Caption-style text data:
-*-*-

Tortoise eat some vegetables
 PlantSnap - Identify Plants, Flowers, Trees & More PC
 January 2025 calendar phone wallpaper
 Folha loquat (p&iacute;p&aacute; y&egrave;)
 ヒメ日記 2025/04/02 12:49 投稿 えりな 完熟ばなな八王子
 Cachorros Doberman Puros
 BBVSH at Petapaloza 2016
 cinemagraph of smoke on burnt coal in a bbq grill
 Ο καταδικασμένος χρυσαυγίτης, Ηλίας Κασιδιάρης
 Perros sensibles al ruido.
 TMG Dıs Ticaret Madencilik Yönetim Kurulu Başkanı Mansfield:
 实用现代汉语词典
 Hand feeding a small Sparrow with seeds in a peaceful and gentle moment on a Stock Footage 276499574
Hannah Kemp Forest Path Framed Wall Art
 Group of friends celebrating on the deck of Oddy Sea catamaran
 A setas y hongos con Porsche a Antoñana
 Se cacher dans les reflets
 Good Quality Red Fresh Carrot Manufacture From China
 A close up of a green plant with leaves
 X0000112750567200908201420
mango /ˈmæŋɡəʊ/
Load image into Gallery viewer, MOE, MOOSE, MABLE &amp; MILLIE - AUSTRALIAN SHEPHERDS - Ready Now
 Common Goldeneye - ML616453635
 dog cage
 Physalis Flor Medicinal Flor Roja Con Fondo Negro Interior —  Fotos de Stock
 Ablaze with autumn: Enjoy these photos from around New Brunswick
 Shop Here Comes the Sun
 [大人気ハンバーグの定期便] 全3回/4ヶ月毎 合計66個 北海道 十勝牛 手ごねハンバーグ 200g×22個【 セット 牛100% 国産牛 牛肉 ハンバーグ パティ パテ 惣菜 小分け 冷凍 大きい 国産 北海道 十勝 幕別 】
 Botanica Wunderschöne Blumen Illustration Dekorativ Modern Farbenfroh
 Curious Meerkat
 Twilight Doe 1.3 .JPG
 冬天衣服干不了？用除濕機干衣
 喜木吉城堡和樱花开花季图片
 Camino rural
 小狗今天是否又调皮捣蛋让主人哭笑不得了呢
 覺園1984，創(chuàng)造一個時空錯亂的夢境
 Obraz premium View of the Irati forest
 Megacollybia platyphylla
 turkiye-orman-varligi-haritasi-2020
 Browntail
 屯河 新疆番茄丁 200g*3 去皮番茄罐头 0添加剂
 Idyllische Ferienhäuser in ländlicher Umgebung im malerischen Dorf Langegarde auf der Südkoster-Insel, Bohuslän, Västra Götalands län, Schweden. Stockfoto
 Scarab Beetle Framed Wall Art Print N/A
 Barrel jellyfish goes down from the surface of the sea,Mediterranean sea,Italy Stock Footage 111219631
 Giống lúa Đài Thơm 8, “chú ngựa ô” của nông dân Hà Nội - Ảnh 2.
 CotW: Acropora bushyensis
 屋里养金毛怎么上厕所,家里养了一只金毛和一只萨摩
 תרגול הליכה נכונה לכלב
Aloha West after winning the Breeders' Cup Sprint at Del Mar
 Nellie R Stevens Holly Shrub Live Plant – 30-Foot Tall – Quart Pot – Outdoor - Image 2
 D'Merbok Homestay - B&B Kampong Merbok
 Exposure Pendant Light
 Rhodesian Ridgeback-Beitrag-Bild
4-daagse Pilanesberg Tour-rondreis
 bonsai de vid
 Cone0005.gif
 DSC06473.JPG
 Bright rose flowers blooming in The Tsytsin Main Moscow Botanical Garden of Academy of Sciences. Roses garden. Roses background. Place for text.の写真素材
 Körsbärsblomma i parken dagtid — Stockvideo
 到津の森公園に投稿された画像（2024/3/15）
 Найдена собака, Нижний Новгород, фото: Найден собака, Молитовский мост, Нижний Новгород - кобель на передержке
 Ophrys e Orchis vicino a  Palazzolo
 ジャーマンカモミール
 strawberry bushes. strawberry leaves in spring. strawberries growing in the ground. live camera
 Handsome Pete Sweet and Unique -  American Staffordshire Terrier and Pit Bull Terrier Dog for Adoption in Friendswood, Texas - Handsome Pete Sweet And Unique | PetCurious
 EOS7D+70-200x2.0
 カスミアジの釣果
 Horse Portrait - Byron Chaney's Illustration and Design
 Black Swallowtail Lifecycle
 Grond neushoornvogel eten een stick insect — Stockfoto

-*-*-

### What is expected
Write every record out again, letter for letter.

### Written response
Tortoise eat some vegetables
 PlantSnap - Identify Plants, Flowers, Trees & More PC
 January 2025 calendar phone wallpaper
 Folha loquat (p&iacute;p&aacute; y&egrave;)
 ヒメ日記 2025/04/02 12:49 投稿 えりな 完熟ばなな八王子
 Cachorros Doberman Puros
 BBVSH at Petapaloza 2016
 cinemagraph of smoke on burnt coal in a bbq grill
 Ο καταδικασμένος χρυσαυγίτης, Ηλίας Κασιδιάρης
 Perros sensibles al ruido.
 TMG Dıs Ticaret Madencilik Yönetim Kurulu Başkanı Mansfield:
 实用现代汉语词典
 Hand feeding a small Sparrow with seeds in a peaceful and gentle moment on a Stock Footage 276499574
Hannah Kemp Forest Path Framed Wall Art
 Group of friends celebrating on the deck of Oddy Sea catamaran
 A setas y hongos con Porsche a Antoñana
 Se cacher dans les reflets
 Good Quality Red Fresh Carrot Manufacture From China
 A close up of a green plant with leaves
 X0000112750567200908201420
mango /ˈmæŋɡəʊ/
Load image into Gallery viewer, MOE, MOOSE, MABLE &amp; MILLIE - AUSTRALIAN SHEPHERDS - Ready Now
 Common Goldeneye - ML616453635
 dog cage
 Physalis Flor Medicinal Flor Roja Con Fondo Negro Interior —  Fotos de Stock
 Ablaze with autumn: Enjoy these photos from around New Brunswick
 Shop Here Comes the Sun
 [大人気ハンバーグの定期便] 全3回/4ヶ月毎 合計66個 北海道 十勝牛 手ごねハンバーグ 200g×22個【 セット 牛100% 国産牛 牛肉 ハンバーグ パティ パテ 惣菜 小分け 冷凍 大きい 国産 北海道 十勝 幕別 】
 Botanica Wunderschöne Blumen Illustration Dekorativ Modern Farbenfroh
 Curious Meerkat
 Twilight Doe 1.3 .JPG
 冬天衣服干不了？用除濕機干衣
 喜木吉城堡和樱花开花季图片
 Camino rural
 小狗今天是否又调皮捣蛋让主人哭笑不得了呢
 覺園1984，創(chuàng)造一個時空錯亂的夢境
 Obraz premium View of the Irati forest
 Megacollybia platyphylla
 turkiye-orman-varligi-haritasi-2020
 Browntail
 屯河 新疆番茄丁 200g*3 去皮番茄罐头 0添加剂
 Idyllische Ferienhäuser in ländlicher Umgebung im malerischen Dorf Langegarde auf der Südkoster-Insel, Bohuslän, Västra Götalands län, Schweden. Stockfoto
 Scarab Beetle Framed Wall Art Print N/A
 Barrel jellyfish goes down from the surface of the sea,Mediterranean sea,Italy Stock Footage 111219631
 Giống lúa Đài Thơm 8, “chú ngựa ô” của nông dân Hà Nội - Ảnh 2.
 CotW: Acropora bushyensis
 屋里养金毛怎么上厕所,家里养了一只金毛和一只萨摩
 תרגול הליכה נכונה לכלב
Aloha West after winning the Breeders' Cup Sprint at Del Mar
 Nellie R Stevens Holly Shrub Live Plant – 30-Foot Tall – Quart Pot – Outdoor - Image 2
 D'Merbok Homestay - B&B Kampong Merbok
 Exposure Pendant Light
 Rhodesian Ridgeback-Beitrag-Bild
4-daagse Pilanesberg Tour-rondreis
 bonsai de vid
 Cone0005.gif
 DSC06473.JPG
 Bright rose flowers blooming in The Tsytsin Main Moscow Botanical Garden of Academy of Sciences. Roses garden. Roses background. Place for text.の写真素材
 Körsbärsblomma i parken dagtid — Stockvideo
 到津の森公園に投稿された画像（2024/3/15）
 Найдена собака, Нижний Новгород, фото: Найден собака, Молитовский мост, Нижний Новгород - кобель на передержке
 Ophrys e Orchis vicino a  Palazzolo
 ジャーマンカモミール
 strawberry bushes. strawberry leaves in spring. strawberries growing in the ground. live camera
 Handsome Pete Sweet and Unique -  American Staffordshire Terrier and Pit Bull Terrier Dog for Adoption in Friendswood, Texas - Handsome Pete Sweet And Unique | PetCurious
 EOS7D+70-200x2.0
 カスミアジの釣果
 Horse Portrait - Byron Chaney's Illustration and Design
 Black Swallowtail Lifecycle
 Grond neushoornvogel eten een stick insect — Stockfoto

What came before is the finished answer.